The jury heard opening statements in the trial of Minor Vargas Calvo, who is charged with conspiracy, wire fraud, mail fraud and money laundering. The trial is expected to last several days.

Vargas was president and majority owner of Provident Capital Indemnity Ltd., which agreed Friday to plead guilty to a single count of mail and wire fraud conspiracy.

Provident sold bonds guaranteeing funding for life settlement companies, which buy life insurance policies from insured people at less than face value and collect the benefits when those people die. The government says Provident sold bonds worth $670 million based on fraudulent financial statements from 2004-2010, with $40 million going directly into the company’s bank account.

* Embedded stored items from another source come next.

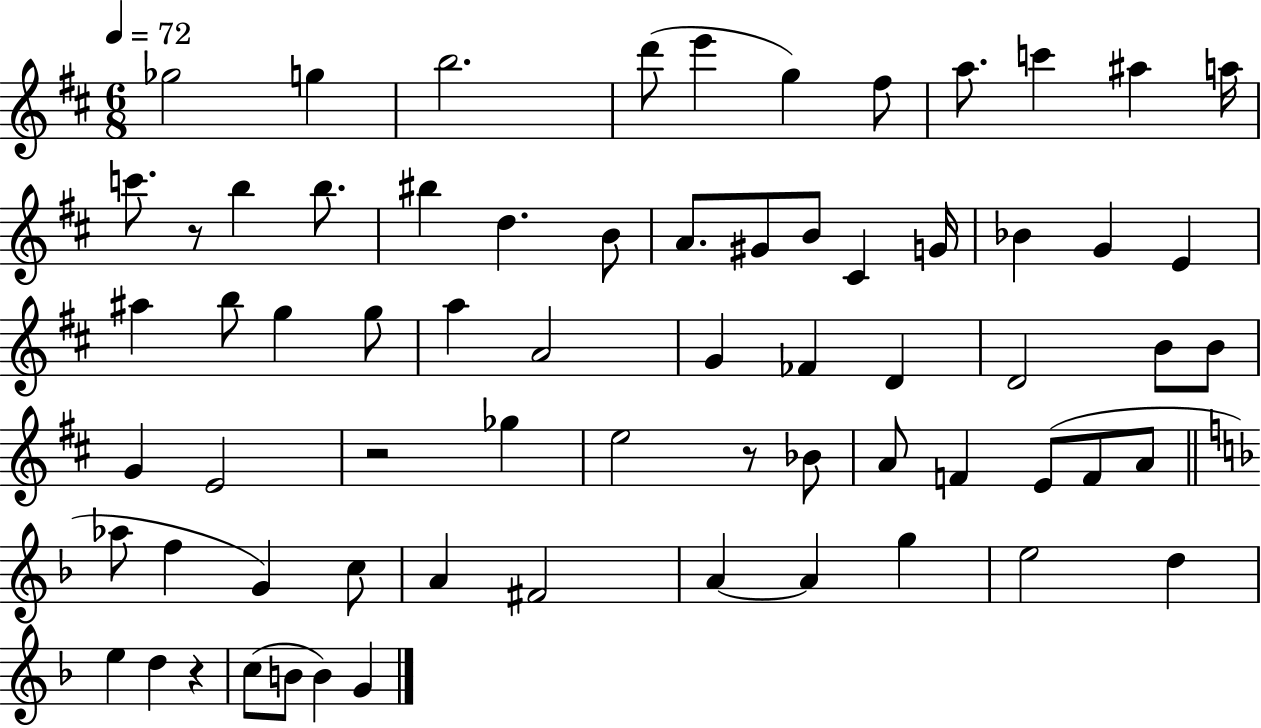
{
  \clef treble
  \numericTimeSignature
  \time 6/8
  \key d \major
  \tempo 4 = 72
  ges''2 g''4 | b''2. | d'''8( e'''4 g''4) fis''8 | a''8. c'''4 ais''4 a''16 | \break c'''8. r8 b''4 b''8. | bis''4 d''4. b'8 | a'8. gis'8 b'8 cis'4 g'16 | bes'4 g'4 e'4 | \break ais''4 b''8 g''4 g''8 | a''4 a'2 | g'4 fes'4 d'4 | d'2 b'8 b'8 | \break g'4 e'2 | r2 ges''4 | e''2 r8 bes'8 | a'8 f'4 e'8( f'8 a'8 | \break \bar "||" \break \key f \major aes''8 f''4 g'4) c''8 | a'4 fis'2 | a'4~~ a'4 g''4 | e''2 d''4 | \break e''4 d''4 r4 | c''8( b'8 b'4) g'4 | \bar "|."
}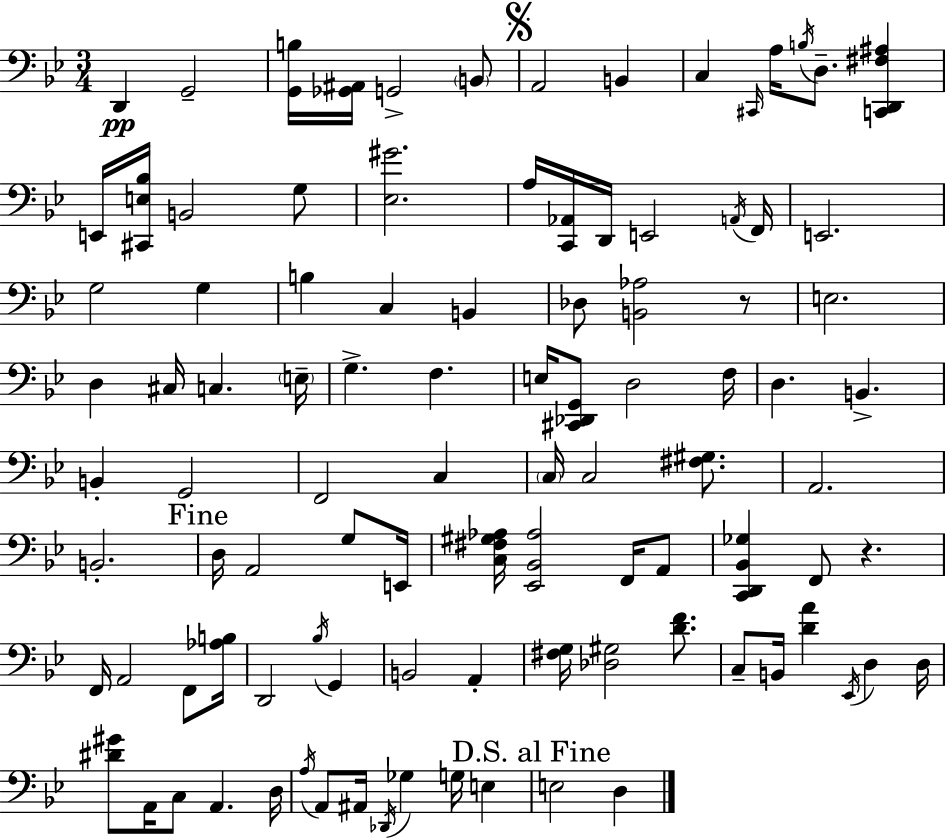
D2/q G2/h [G2,B3]/s [Gb2,A#2]/s G2/h B2/e A2/h B2/q C3/q C#2/s A3/s B3/s D3/e. [C2,D2,F#3,A#3]/q E2/s [C#2,E3,Bb3]/s B2/h G3/e [Eb3,G#4]/h. A3/s [C2,Ab2]/s D2/s E2/h A2/s F2/s E2/h. G3/h G3/q B3/q C3/q B2/q Db3/e [B2,Ab3]/h R/e E3/h. D3/q C#3/s C3/q. E3/s G3/q. F3/q. E3/s [C#2,Db2,G2]/e D3/h F3/s D3/q. B2/q. B2/q G2/h F2/h C3/q C3/s C3/h [F#3,G#3]/e. A2/h. B2/h. D3/s A2/h G3/e E2/s [C3,F#3,G#3,Ab3]/s [Eb2,Bb2,Ab3]/h F2/s A2/e [C2,D2,Bb2,Gb3]/q F2/e R/q. F2/s A2/h F2/e [Ab3,B3]/s D2/h Bb3/s G2/q B2/h A2/q [F#3,G3]/s [Db3,G#3]/h [D4,F4]/e. C3/e B2/s [D4,A4]/q Eb2/s D3/q D3/s [D#4,G#4]/e A2/s C3/e A2/q. D3/s A3/s A2/e A#2/s Db2/s Gb3/q G3/s E3/q E3/h D3/q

See also: Costa Rican Firm Pleading Guilty in $670M Scam

“This case is about lies,” Assistant U.S. Attorney Michael Dry told the jury. He said Vargas told investors that Provident had hundreds of millions in assets that had been verified by an independent auditor, and that it had “reinsurance agreements” providing an extra layer of protection – all of which was untrue.

“The bottom line is it’s a crime to lie to get people’s money,” he said.

Defense attorney Jeffrey Everhart reminded jurors that the government must prove every allegation beyond a reasonable doubt.

“When all the evidence is in, you will have heard evidence that directly contradicts what the government says today,” Everhart said. “We think the government will fail to carry their burden.”

Jorge Luis Castillo of Hackettstown, N.J., a certified public accountant who conducted a sham audit for Provident, pleaded guilty last year to conspiring to commit mail and wire fraud and agreed to cooperate in the case against Vargas. Castillo faces up to 20 years in prison when he is scheduled to be sentenced Sept. 5.

Provident also awaits sentencing on Sept. 5. The company faces a maximum fine of $500,000 or double the amount it collected from any victim of the offense, plus full restitution.

The Securities and Exchange Commission filed a civil complaint against Provident last year, and a judge froze the company’s assets and enjoined it from doing business. The company’s plea agreement was signed by the court-appointed receiver in the SEC’s enforcement action, as well as the federal prosecutor and Provident’s attorney.

The life settlement market began in the late 1970s, when AIDS patients sought to sell their life insurance policies for cash to pay for treatment, experimental drugs, and for routine bills when they lost their jobs.

In recent years, the market has focused mostly on older people without life-threatening diseases, but who no longer need or want life insurance or who need to cash in the policies for a fraction of the death benefit.